WORK ORDER: Below are records with pictures. Reproduce exactly the lines from the line with "Custom Dog Pompompurin" to the line with "Luxe Knit Nursing Top Black", inclusive, and leave each picture out.

DATA TO PROCESS:

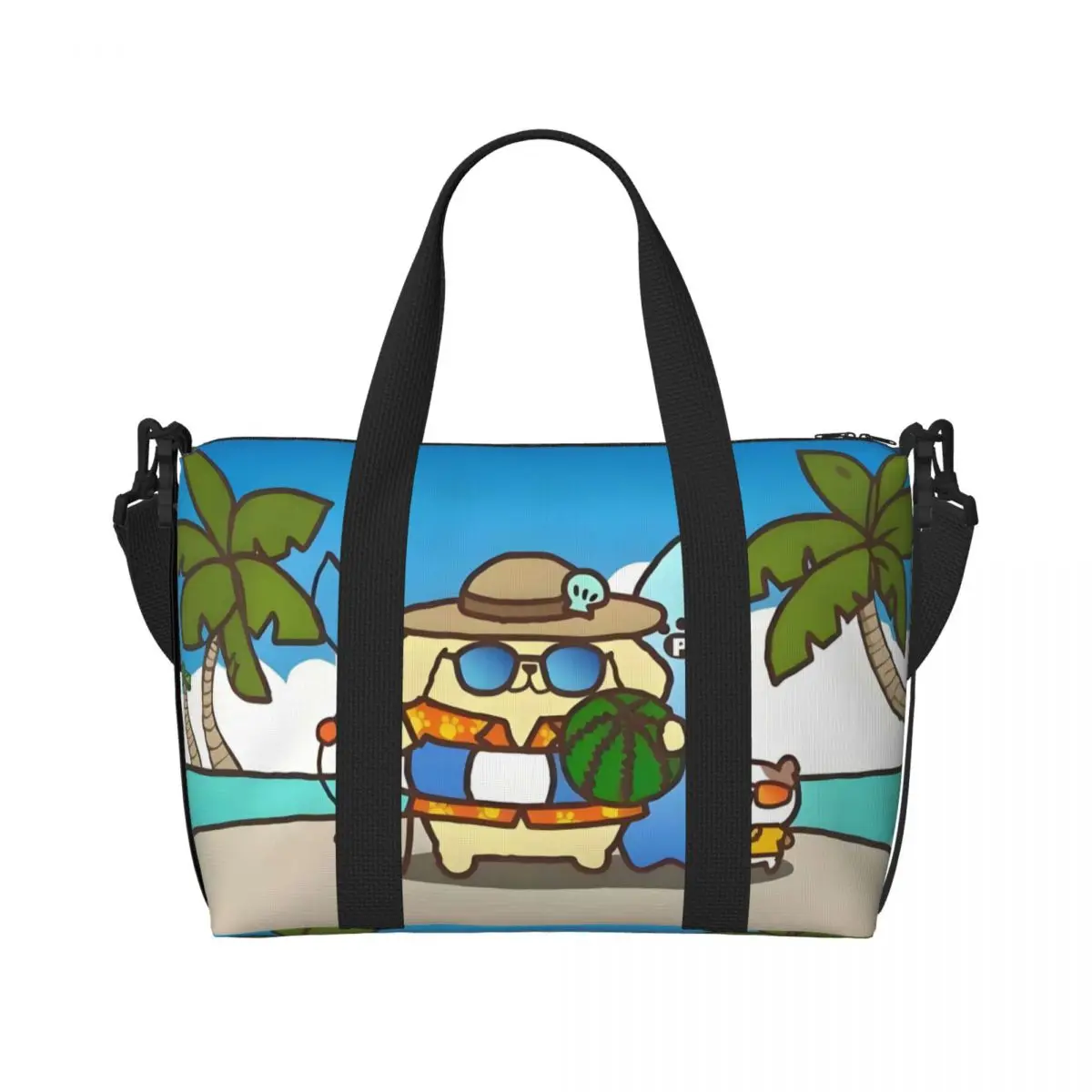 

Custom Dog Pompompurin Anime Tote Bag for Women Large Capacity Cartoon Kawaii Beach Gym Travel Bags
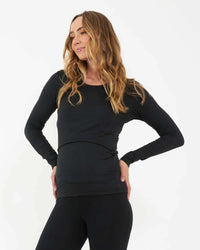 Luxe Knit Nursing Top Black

...

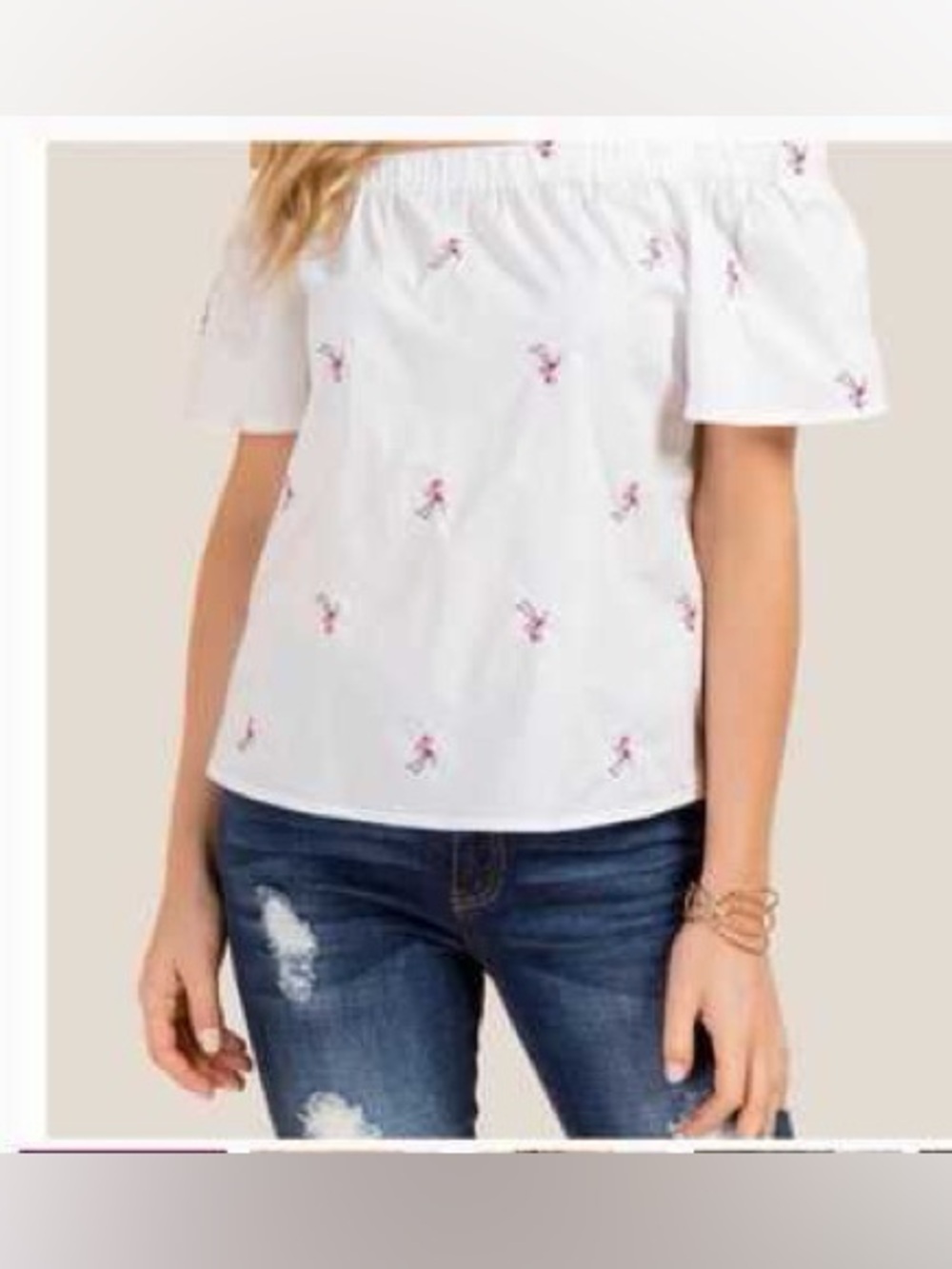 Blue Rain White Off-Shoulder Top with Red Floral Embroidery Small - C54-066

RESPONSE BOX:
Custom Dog Pompompurin Anime Tote Bag for Women Large Capacity Cartoon Kawaii Beach Gym Travel Bags
 Luxe Knit Nursing Top Black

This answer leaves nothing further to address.